[WORK TO BE COMPLETED]: Please print the listing that follows word for word, but skip any pictures it holds.

[PROVIDED MATERIAL]:

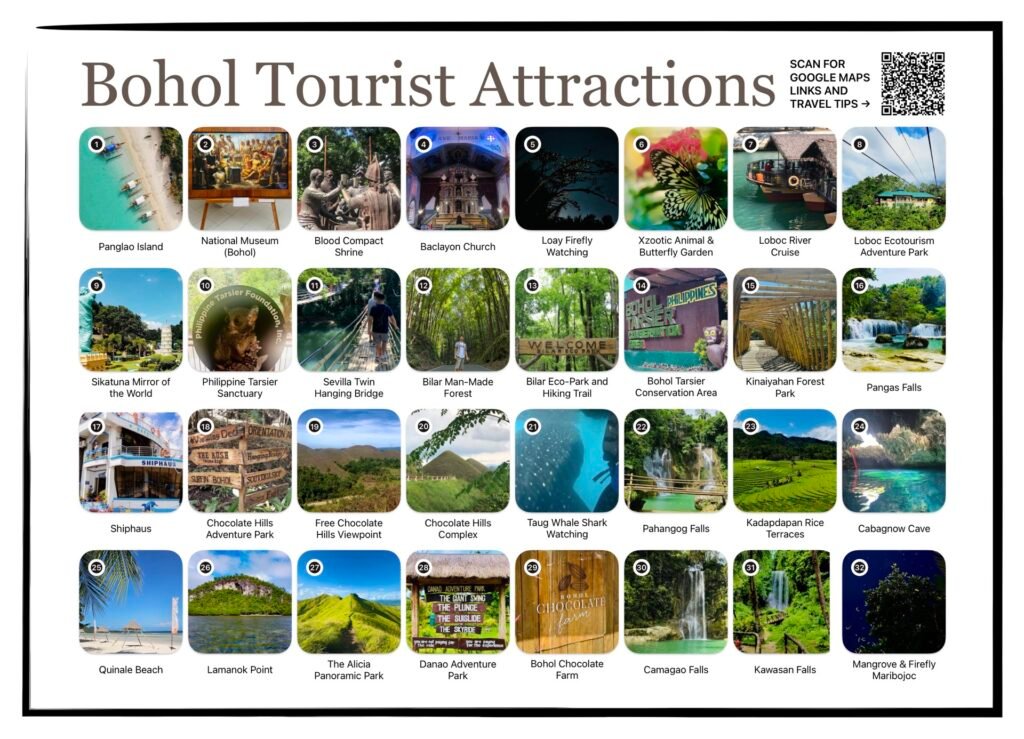 Bohol Tourist Map — Gallery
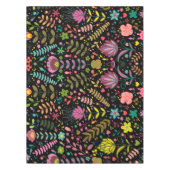 Blumenmuster - Stilvolle Blume-Tapete Tischdecke (Vorderseite)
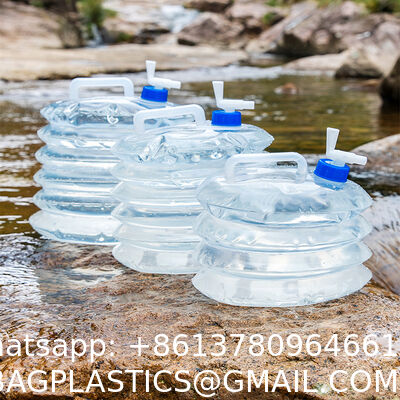 Gallon Premium Collapsible Water Containers: Large Capacity Food - Grade LDPE, BPA - Free, Ultimate For Camping & Hiking. With A Patented Leak - Proof Faucet Design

[RESULT OF THE TASK]:
 Bohol Tourist Map — Gallery
 Blumenmuster - Stilvolle Blume-Tapete Tischdecke (Vorderseite)
 Gallon Premium Collapsible Water Containers: Large Capacity Food - Grade LDPE, BPA - Free, Ultimate For Camping & Hiking. With A Patented Leak - Proof Faucet Design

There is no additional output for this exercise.